Com a congregação rendida ao seu pastor, ainda que sem bíblias de néons, as palmas sublinhavam o andamento de “Keep the Car Running”, havendo condições para dar seguimento à liturgia de “Intervencion”(com uma breve revisitação aos Sex Pistols no final), com direito ao exorcismo negro que é “My Body is a Cage”. De novo à conta de uma luz nascida nos subúrbios, “We Used to Wait” empurra aos almas até ao céu, faz Win Butler correr desenfreadamente pelas laterais do palco, e não é de estranhar que cheguemos a um sítio como “No Cars Go”, um dos momentos mais bonitos da noite.
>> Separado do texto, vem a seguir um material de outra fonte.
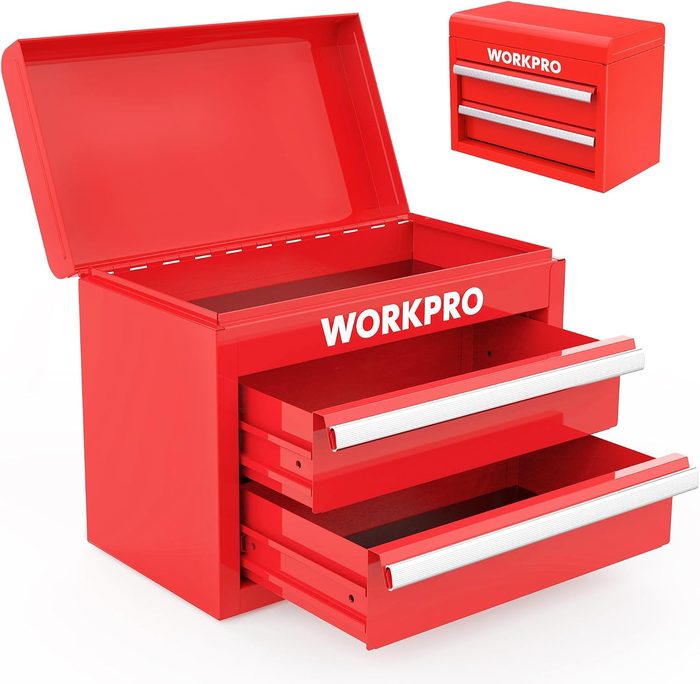 Red Mini 2-Drawer Portable Steel Tool Chest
A celebração não parava, ainda que por vezes fosse necessário reduzir o andamento e “Ocean of Noise” conseguiu recuperar o fôlego para chegar a um bons portos de abrigo como são “Neighborhood #1 (Tunnels)”, cujo riff inicial desperta qualquer coração, e “Neighborhood #3 (Power out)”, que nos fizeram recuar até ao disco de estreia da banda. Mas se “Rebellion” nos manteve em “Funeral”, “Here Comes The Night Time” teve o condão de nos avançar no tempo e transportar para outras reflexões com o palco a ser invadido não por aliens mas pelos cabeçudos que ficaram conhecidos no videoclip de “Reflektor”, obra do mestre Anton Cornijn. O final do concerto, depois de Butler se aventurar junto do público, entretanto premiado com uma chuva de confetti, e receber como recompensa um cachecol de Portugal, fez-se ao som do esperado “Wake Up”, canção que faz disparar uma espécie de orgasmo auditivo e leva-nos a entoar a canção durante, minutos, horas, dias. De alma cheia, resta-nos, portanto, dizer obrigado, pois, bolas, valeu mesmo a pena!